BEGIN

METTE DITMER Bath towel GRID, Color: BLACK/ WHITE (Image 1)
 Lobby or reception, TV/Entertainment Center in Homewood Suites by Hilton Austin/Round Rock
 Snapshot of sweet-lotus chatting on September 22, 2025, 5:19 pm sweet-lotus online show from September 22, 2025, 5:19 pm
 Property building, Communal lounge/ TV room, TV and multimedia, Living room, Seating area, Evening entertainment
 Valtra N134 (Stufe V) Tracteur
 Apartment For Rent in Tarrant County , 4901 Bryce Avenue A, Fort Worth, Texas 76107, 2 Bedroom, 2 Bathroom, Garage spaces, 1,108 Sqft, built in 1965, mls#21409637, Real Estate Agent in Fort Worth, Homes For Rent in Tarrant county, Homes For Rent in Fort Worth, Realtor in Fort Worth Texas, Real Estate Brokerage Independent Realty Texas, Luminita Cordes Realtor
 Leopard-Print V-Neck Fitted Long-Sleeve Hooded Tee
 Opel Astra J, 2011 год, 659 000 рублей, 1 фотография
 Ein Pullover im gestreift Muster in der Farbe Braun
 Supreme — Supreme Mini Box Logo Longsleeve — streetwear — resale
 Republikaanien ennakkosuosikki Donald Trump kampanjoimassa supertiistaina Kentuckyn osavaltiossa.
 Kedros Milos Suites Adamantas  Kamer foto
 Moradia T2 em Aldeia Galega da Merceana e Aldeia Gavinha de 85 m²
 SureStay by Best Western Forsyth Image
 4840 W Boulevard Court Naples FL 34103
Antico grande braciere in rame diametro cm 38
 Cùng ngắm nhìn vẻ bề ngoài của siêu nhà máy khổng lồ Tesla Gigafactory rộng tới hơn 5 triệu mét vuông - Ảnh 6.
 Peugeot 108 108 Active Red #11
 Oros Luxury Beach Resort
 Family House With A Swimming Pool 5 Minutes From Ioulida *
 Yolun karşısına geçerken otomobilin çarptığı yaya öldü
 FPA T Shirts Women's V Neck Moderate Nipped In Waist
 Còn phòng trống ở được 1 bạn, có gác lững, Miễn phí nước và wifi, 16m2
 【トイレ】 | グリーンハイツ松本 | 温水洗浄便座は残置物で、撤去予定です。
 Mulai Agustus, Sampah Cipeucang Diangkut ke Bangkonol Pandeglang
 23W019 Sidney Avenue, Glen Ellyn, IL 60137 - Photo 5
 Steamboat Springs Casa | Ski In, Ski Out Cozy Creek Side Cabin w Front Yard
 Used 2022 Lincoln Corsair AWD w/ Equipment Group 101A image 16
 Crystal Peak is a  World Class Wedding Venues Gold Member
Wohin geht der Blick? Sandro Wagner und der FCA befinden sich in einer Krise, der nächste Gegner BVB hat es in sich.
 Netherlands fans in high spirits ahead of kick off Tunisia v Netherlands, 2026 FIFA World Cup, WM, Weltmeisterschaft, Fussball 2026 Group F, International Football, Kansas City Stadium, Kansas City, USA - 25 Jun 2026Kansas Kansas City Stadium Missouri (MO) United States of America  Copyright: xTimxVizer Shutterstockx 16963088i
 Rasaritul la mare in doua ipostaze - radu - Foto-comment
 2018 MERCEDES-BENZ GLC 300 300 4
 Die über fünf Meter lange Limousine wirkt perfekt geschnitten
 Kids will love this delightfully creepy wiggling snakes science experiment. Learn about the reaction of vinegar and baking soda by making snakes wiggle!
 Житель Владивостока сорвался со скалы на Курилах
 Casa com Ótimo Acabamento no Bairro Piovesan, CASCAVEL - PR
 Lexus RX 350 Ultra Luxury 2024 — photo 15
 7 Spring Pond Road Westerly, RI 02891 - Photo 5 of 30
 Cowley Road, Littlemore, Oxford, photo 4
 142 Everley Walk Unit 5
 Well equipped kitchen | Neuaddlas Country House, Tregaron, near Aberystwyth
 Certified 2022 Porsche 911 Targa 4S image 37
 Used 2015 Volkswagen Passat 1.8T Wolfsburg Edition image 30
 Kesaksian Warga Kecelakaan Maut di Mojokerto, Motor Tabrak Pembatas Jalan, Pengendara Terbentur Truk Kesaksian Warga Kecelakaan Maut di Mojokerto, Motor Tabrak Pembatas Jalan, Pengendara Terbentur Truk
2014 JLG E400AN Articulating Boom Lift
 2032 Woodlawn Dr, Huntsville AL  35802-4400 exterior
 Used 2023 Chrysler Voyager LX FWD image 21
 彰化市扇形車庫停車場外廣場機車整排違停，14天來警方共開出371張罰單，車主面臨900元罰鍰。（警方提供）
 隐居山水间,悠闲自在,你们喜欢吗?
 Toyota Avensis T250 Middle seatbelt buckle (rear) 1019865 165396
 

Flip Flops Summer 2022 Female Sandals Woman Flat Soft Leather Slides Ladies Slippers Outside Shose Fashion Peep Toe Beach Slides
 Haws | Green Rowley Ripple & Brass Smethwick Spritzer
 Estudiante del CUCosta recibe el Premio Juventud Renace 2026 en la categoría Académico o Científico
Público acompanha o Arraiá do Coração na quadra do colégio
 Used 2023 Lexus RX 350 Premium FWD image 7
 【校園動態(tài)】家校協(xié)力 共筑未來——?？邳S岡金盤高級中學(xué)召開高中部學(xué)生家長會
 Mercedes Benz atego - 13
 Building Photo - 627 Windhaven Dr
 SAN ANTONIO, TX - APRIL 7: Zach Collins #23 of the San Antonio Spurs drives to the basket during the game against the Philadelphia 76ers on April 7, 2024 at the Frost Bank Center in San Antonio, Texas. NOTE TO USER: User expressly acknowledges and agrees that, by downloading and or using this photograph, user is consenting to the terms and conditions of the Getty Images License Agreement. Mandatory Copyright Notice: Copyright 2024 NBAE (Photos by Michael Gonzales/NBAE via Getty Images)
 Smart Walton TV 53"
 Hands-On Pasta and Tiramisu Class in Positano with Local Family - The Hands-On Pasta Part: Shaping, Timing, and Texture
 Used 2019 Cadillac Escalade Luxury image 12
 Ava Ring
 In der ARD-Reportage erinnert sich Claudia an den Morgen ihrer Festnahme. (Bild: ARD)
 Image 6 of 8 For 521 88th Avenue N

END

BRIEF: Return each entry exactly. Leave none out.

WRITTEN RESPONSE:
METTE DITMER Bath towel GRID, Color: BLACK/ WHITE (Image 1)
 Lobby or reception, TV/Entertainment Center in Homewood Suites by Hilton Austin/Round Rock
 Snapshot of sweet-lotus chatting on September 22, 2025, 5:19 pm sweet-lotus online show from September 22, 2025, 5:19 pm
 Property building, Communal lounge/ TV room, TV and multimedia, Living room, Seating area, Evening entertainment
 Valtra N134 (Stufe V) Tracteur
 Apartment For Rent in Tarrant County , 4901 Bryce Avenue A, Fort Worth, Texas 76107, 2 Bedroom, 2 Bathroom, Garage spaces, 1,108 Sqft, built in 1965, mls#21409637, Real Estate Agent in Fort Worth, Homes For Rent in Tarrant county, Homes For Rent in Fort Worth, Realtor in Fort Worth Texas, Real Estate Brokerage Independent Realty Texas, Luminita Cordes Realtor
 Leopard-Print V-Neck Fitted Long-Sleeve Hooded Tee
 Opel Astra J, 2011 год, 659 000 рублей, 1 фотография
 Ein Pullover im gestreift Muster in der Farbe Braun
 Supreme — Supreme Mini Box Logo Longsleeve — streetwear — resale
 Republikaanien ennakkosuosikki Donald Trump kampanjoimassa supertiistaina Kentuckyn osavaltiossa.
 Kedros Milos Suites Adamantas  Kamer foto
 Moradia T2 em Aldeia Galega da Merceana e Aldeia Gavinha de 85 m²
 SureStay by Best Western Forsyth Image
 4840 W Boulevard Court Naples FL 34103
Antico grande braciere in rame diametro cm 38
 Cùng ngắm nhìn vẻ bề ngoài của siêu nhà máy khổng lồ Tesla Gigafactory rộng tới hơn 5 triệu mét vuông - Ảnh 6.
 Peugeot 108 108 Active Red #11
 Oros Luxury Beach Resort
 Family House With A Swimming Pool 5 Minutes From Ioulida *
 Yolun karşısına geçerken otomobilin çarptığı yaya öldü
 FPA T Shirts Women's V Neck Moderate Nipped In Waist
 Còn phòng trống ở được 1 bạn, có gác lững, Miễn phí nước và wifi, 16m2
 【トイレ】 | グリーンハイツ松本 | 温水洗浄便座は残置物で、撤去予定です。
 Mulai Agustus, Sampah Cipeucang Diangkut ke Bangkonol Pandeglang
 23W019 Sidney Avenue, Glen Ellyn, IL 60137 - Photo 5
 Steamboat Springs Casa | Ski In, Ski Out Cozy Creek Side Cabin w Front Yard
 Used 2022 Lincoln Corsair AWD w/ Equipment Group 101A image 16
 Crystal Peak is a  World Class Wedding Venues Gold Member
Wohin geht der Blick? Sandro Wagner und der FCA befinden sich in einer Krise, der nächste Gegner BVB hat es in sich.
 Netherlands fans in high spirits ahead of kick off Tunisia v Netherlands, 2026 FIFA World Cup, WM, Weltmeisterschaft, Fussball 2026 Group F, International Football, Kansas City Stadium, Kansas City, USA - 25 Jun 2026Kansas Kansas City Stadium Missouri (MO) United States of America  Copyright: xTimxVizer Shutterstockx 16963088i
 Rasaritul la mare in doua ipostaze - radu - Foto-comment
 2018 MERCEDES-BENZ GLC 300 300 4
 Die über fünf Meter lange Limousine wirkt perfekt geschnitten
 Kids will love this delightfully creepy wiggling snakes science experiment. Learn about the reaction of vinegar and baking soda by making snakes wiggle!
 Житель Владивостока сорвался со скалы на Курилах
 Casa com Ótimo Acabamento no Bairro Piovesan, CASCAVEL - PR
 Lexus RX 350 Ultra Luxury 2024 — photo 15
 7 Spring Pond Road Westerly, RI 02891 - Photo 5 of 30
 Cowley Road, Littlemore, Oxford, photo 4
 142 Everley Walk Unit 5
 Well equipped kitchen | Neuaddlas Country House, Tregaron, near Aberystwyth
 Certified 2022 Porsche 911 Targa 4S image 37
 Used 2015 Volkswagen Passat 1.8T Wolfsburg Edition image 30
 Kesaksian Warga Kecelakaan Maut di Mojokerto, Motor Tabrak Pembatas Jalan, Pengendara Terbentur Truk Kesaksian Warga Kecelakaan Maut di Mojokerto, Motor Tabrak Pembatas Jalan, Pengendara Terbentur Truk
2014 JLG E400AN Articulating Boom Lift
 2032 Woodlawn Dr, Huntsville AL  35802-4400 exterior
 Used 2023 Chrysler Voyager LX FWD image 21
 彰化市扇形車庫停車場外廣場機車整排違停，14天來警方共開出371張罰單，車主面臨900元罰鍰。（警方提供）
 隐居山水间,悠闲自在,你们喜欢吗?
 Toyota Avensis T250 Middle seatbelt buckle (rear) 1019865 165396
 

Flip Flops Summer 2022 Female Sandals Woman Flat Soft Leather Slides Ladies Slippers Outside Shose Fashion Peep Toe Beach Slides
 Haws | Green Rowley Ripple & Brass Smethwick Spritzer
 Estudiante del CUCosta recibe el Premio Juventud Renace 2026 en la categoría Académico o Científico
Público acompanha o Arraiá do Coração na quadra do colégio
 Used 2023 Lexus RX 350 Premium FWD image 7
 【校園動態(tài)】家校協(xié)力 共筑未來——?？邳S岡金盤高級中學(xué)召開高中部學(xué)生家長會
 Mercedes Benz atego - 13
 Building Photo - 627 Windhaven Dr
 SAN ANTONIO, TX - APRIL 7: Zach Collins #23 of the San Antonio Spurs drives to the basket during the game against the Philadelphia 76ers on April 7, 2024 at the Frost Bank Center in San Antonio, Texas. NOTE TO USER: User expressly acknowledges and agrees that, by downloading and or using this photograph, user is consenting to the terms and conditions of the Getty Images License Agreement. Mandatory Copyright Notice: Copyright 2024 NBAE (Photos by Michael Gonzales/NBAE via Getty Images)
 Smart Walton TV 53"
 Hands-On Pasta and Tiramisu Class in Positano with Local Family - The Hands-On Pasta Part: Shaping, Timing, and Texture
 Used 2019 Cadillac Escalade Luxury image 12
 Ava Ring
 In der ARD-Reportage erinnert sich Claudia an den Morgen ihrer Festnahme. (Bild: ARD)
 Image 6 of 8 For 521 88th Avenue N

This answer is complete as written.